To follow up from yesterday’s post: the Phaedrus reminds us that writing once was new, that it was a technology with unexamined potential. But as Socrates warned, it’s become a mechanism for forgetting; we forgot even his warning. Writing instructors came to view writing as transcendent, as something separable from debates about correctness, assessment, separable from history and context. But we’re better than that now, of course; as the narrative goes, we’ve remembered again, and reshaped our views to account for an understanding of writing as always grounded in contexts.
And as we’ve done so, something else has slipped away. Now it’s technology that is magical, polymorphous, transcendent, because in the discourse of writing and technology it’s always separable from context. Writing, in Plato’s time, was a technology, and a mechanism for forgetting: now, technologies for writing have themselves become such acontextualized mechanisms for forgetting.
Hawisher, LeBlanc, Moran and Selfe tell how “computers came into the field of composition studies in two rather different ways.
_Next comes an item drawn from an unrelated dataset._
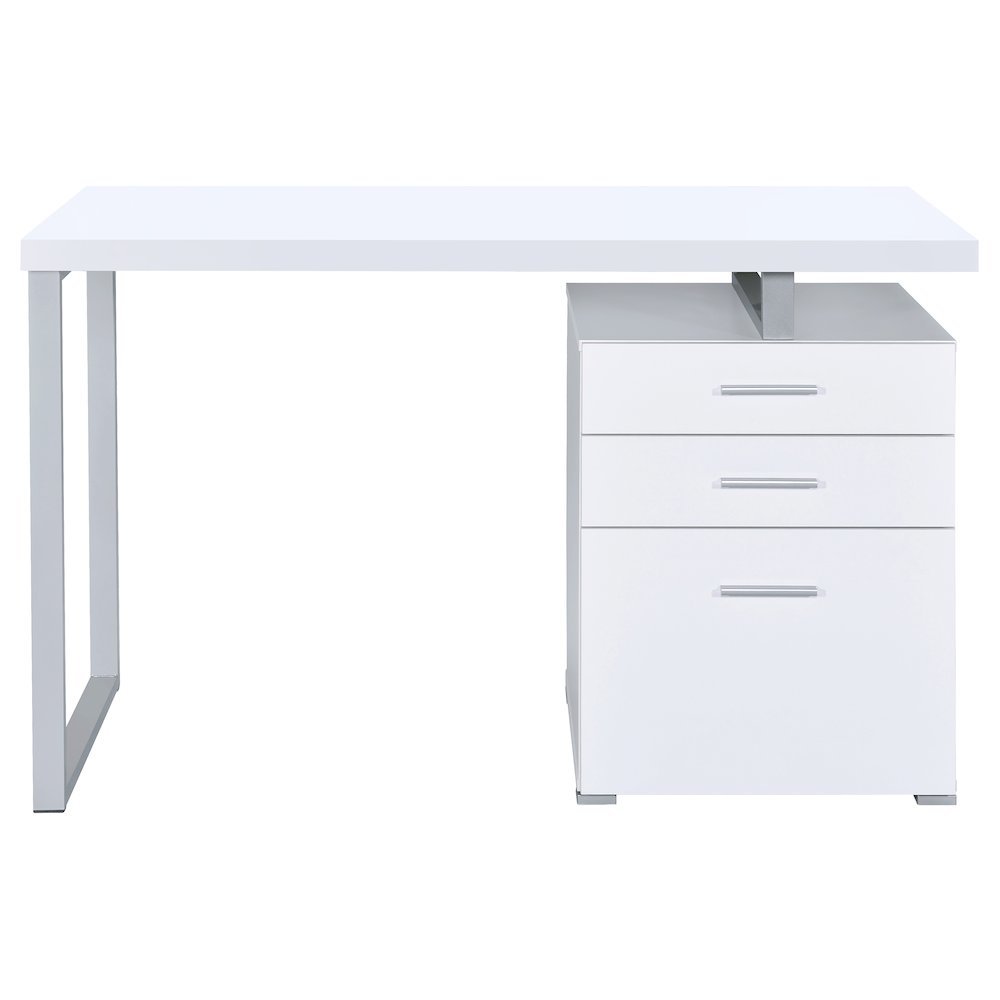 White Office Desk – Computer Desk with Drawers for Home or Workspace. Picture 4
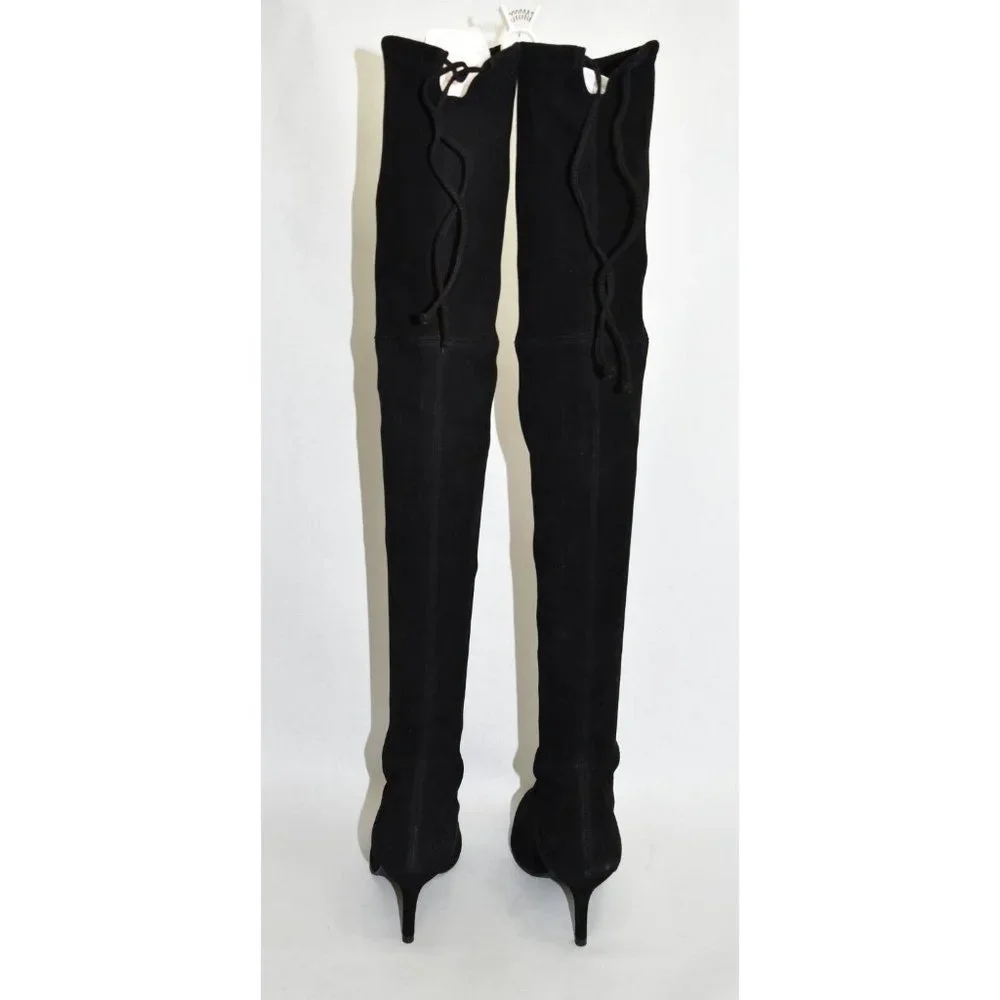 $850 STUART WEITZMAN Tiemodel Over-the-Knee Stretch Boot SUEDE BLACK 10 (K16)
They came in as fancy typewriters. . . and they came in as tools that would magically and mechanically improve students’ writing through style- and grammar-checking programs, spell checkers, computer-assisted instruction packages, and programs that would have the ability to parse English prose, which then seemed just around the technological corner” (71). Technology was a mechanism for efficiency in writing, something separable from writing that could make writing better.
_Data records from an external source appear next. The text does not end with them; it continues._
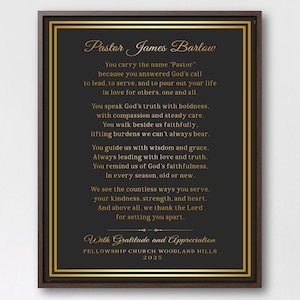 Pastor Appreciation Canvas Gift, Personalized Wall Art for Minister, Thank You Plaque, Christian Decor, Tribute, Custom Church Anniversary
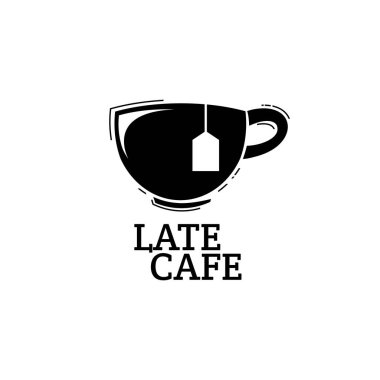 Kahve poşeti kahve fincanı logosu tasarım vektörü illüstrasyonu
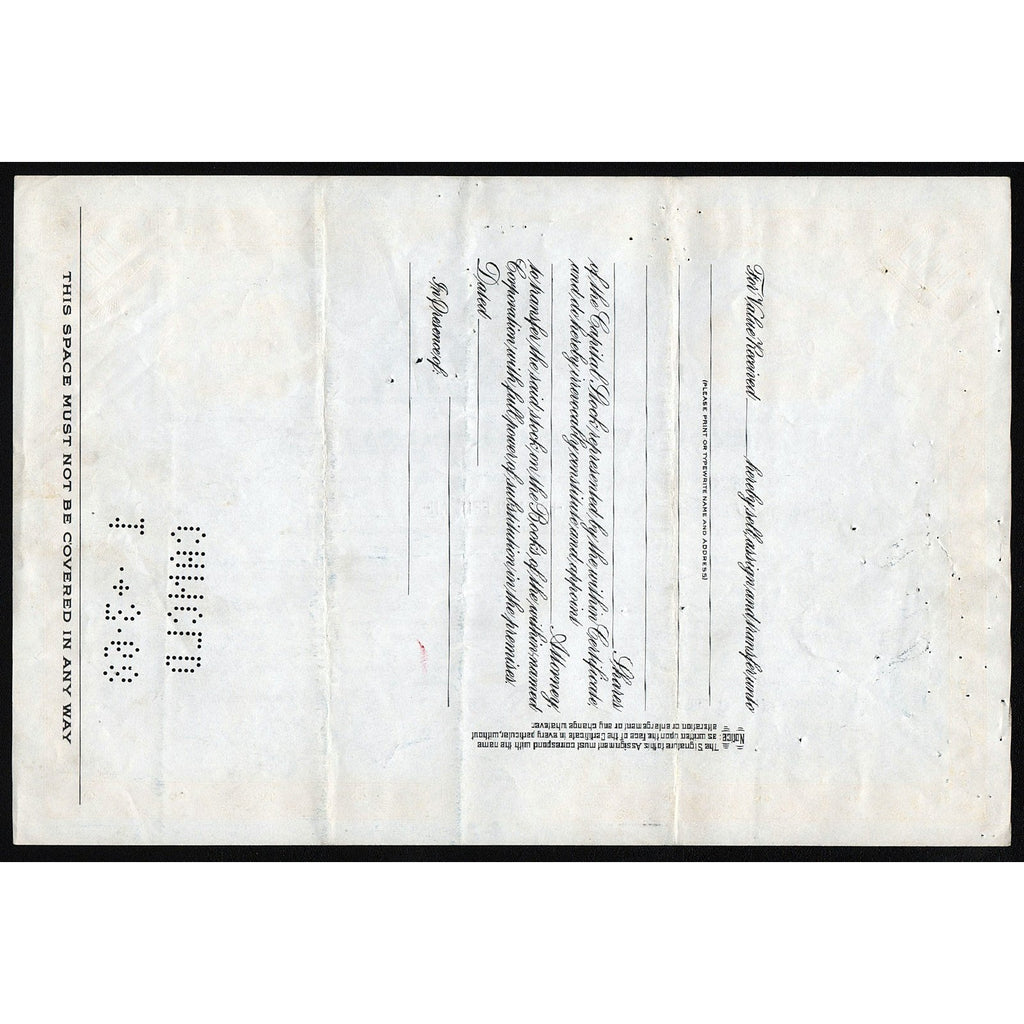 C & C Super Corporation Stock Certificate Coola Cola Root Beer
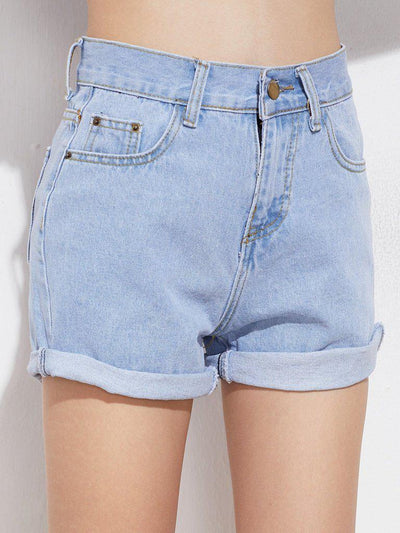 Rolled Cuff Denim Shorts-bottom-Des Mess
Views changed, though. In the years from 1986 to 1988, Hawisher, LeBlanc, Moran and Selfe point out, CMC (computer-mediated communication) became a significant part of the field of computers and composition. The networked environments of CMC were seen as offering the ability to flatten social distinctions. (In fact, even recent research in computers and composition that’s focused on race and gender has pointed to the ways in which networked environments can heighten certain social distinctions: in other words, technology itself is still separable from context.) And Hawisher, LeBlanc, Moran and Selfe describe “the fundamental changes that proponents of technology saw to be possible” in the period from 1989 to 1991: “student-centered rather than teacher-centered classes, increased participation of marginalized students, expanded and increasingly democratic access to systems of publication and distribution, and the democratization of information” (202). Technology-as-instrument was the tool teachers could use to foster a fairer classroom. As Hawisher, LeBlanc, Moran and Selfe point out, “computers were becoming everyone’s business — a seemingly transparent technology” (186). Part of my perspective in response to this proposition is shaped by the poststructuralist perspective on language as never transparent, as always politically laden and ideological (though seldom apparently so): I see technologies as always bearing similar properties, in similarly covert ways. Linda Brodkey, in her College English essay I’m always referring to (“On the Subjects of Class and Gender in ‘The Literacy Letters'”), argues that “Those who would occupy the best subject positions a discourse has to offer would have a vested interest in maintaining the illusion of speaking rather than being spoken by discourse” (126). So too for computers: we always want to see ourselves in the privileged positions vis-a-vis computers, and the instrumental stance rewards that desire. We use computers to speak, and are never spoken by them. For whom might this not be true?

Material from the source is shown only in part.